• [COLLECTED DATA]
■ ■ ■
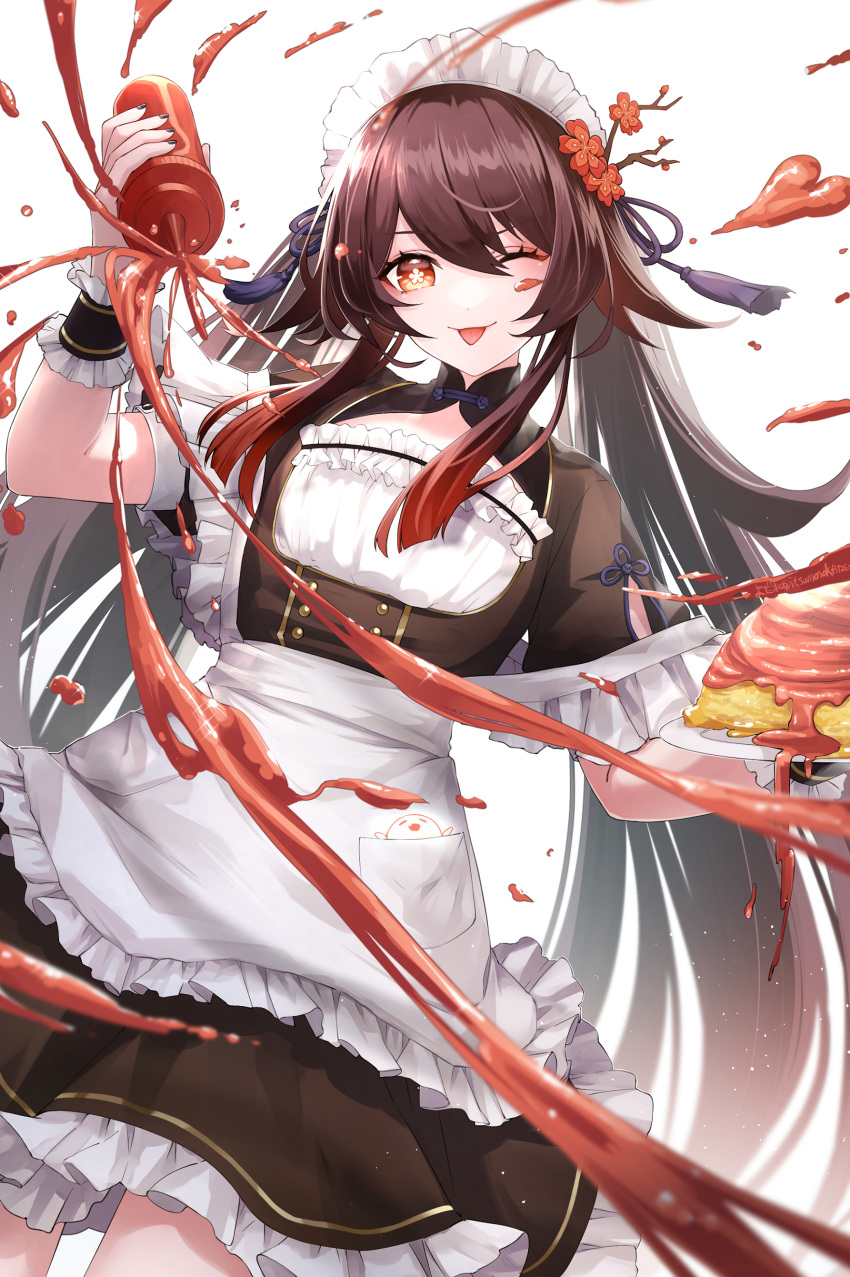 1girl ;p absurdres alternate_costume apron arm_up brown_hair dress enmaided flower flower-shaped_pupils food frilled_dress frills genshin_impact hair_between_eyes hair_flower hair_ornament highres holding holding_plate hu_tao_(genshin_impact) itsumono_katze ketchup ketchup_bottle long_hair looking_at_viewer maid maid_headdress omelet omurice one_eye_closed plate plum_blossoms pocket red_eyes short_sleeves simple_background smile solo symbol-shaped_pupils tongue tongue_out very_long_hair waist_apron white_apron white_background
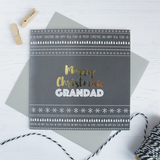 Merry Christmas Grandad gold foil card - Draenog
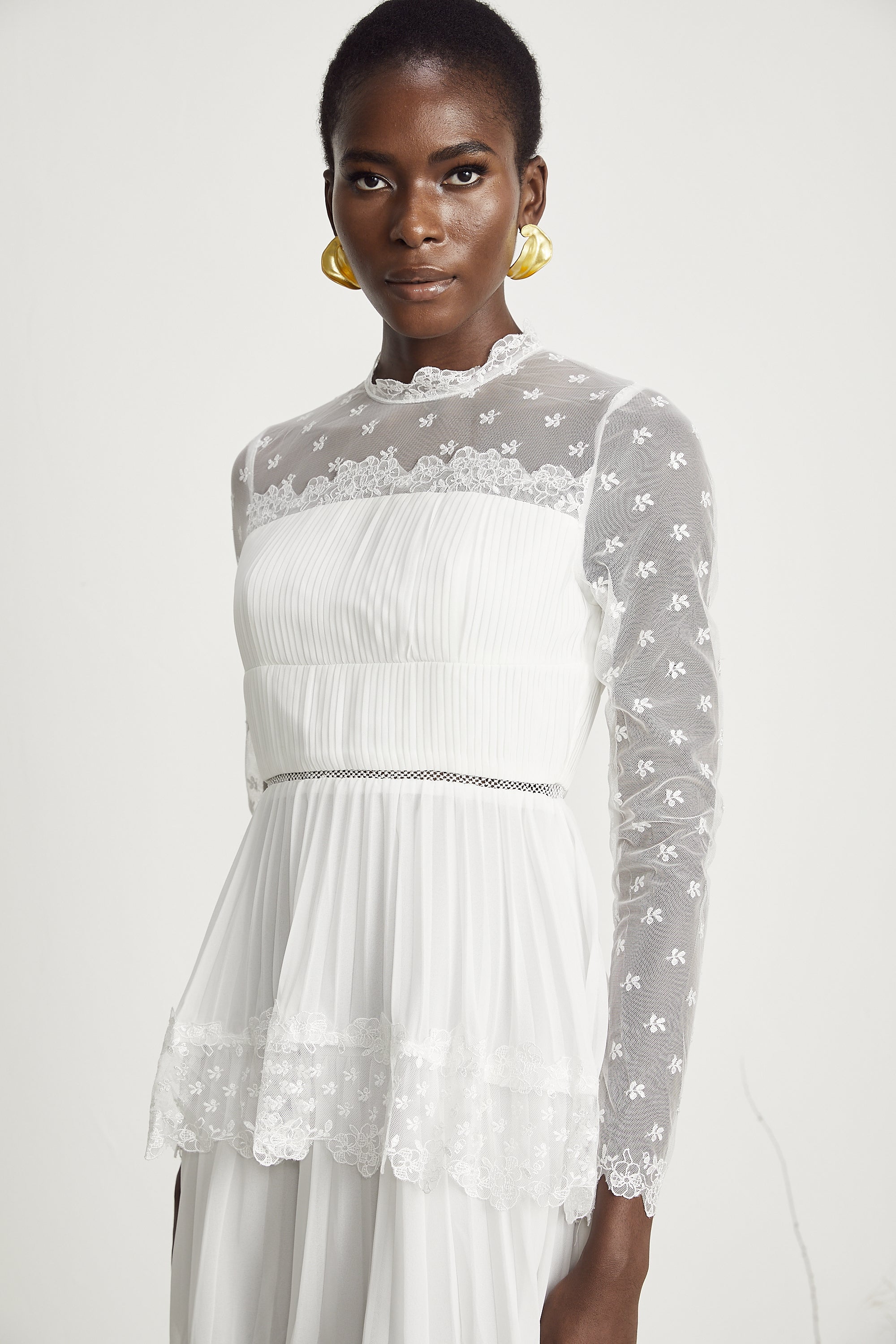 Odette dantel midi elbise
■ ■ ■
• [WHAT IS BEING ASKED] Give back the whole listing exactly as it stands. No pictures belong in the copy.

• [RESULT BELOW]
 1girl ;p absurdres alternate_costume apron arm_up brown_hair dress enmaided flower flower-shaped_pupils food frilled_dress frills genshin_impact hair_between_eyes hair_flower hair_ornament highres holding holding_plate hu_tao_(genshin_impact) itsumono_katze ketchup ketchup_bottle long_hair looking_at_viewer maid maid_headdress omelet omurice one_eye_closed plate plum_blossoms pocket red_eyes short_sleeves simple_background smile solo symbol-shaped_pupils tongue tongue_out very_long_hair waist_apron white_apron white_background
 Merry Christmas Grandad gold foil card - Draenog
 Odette dantel midi elbise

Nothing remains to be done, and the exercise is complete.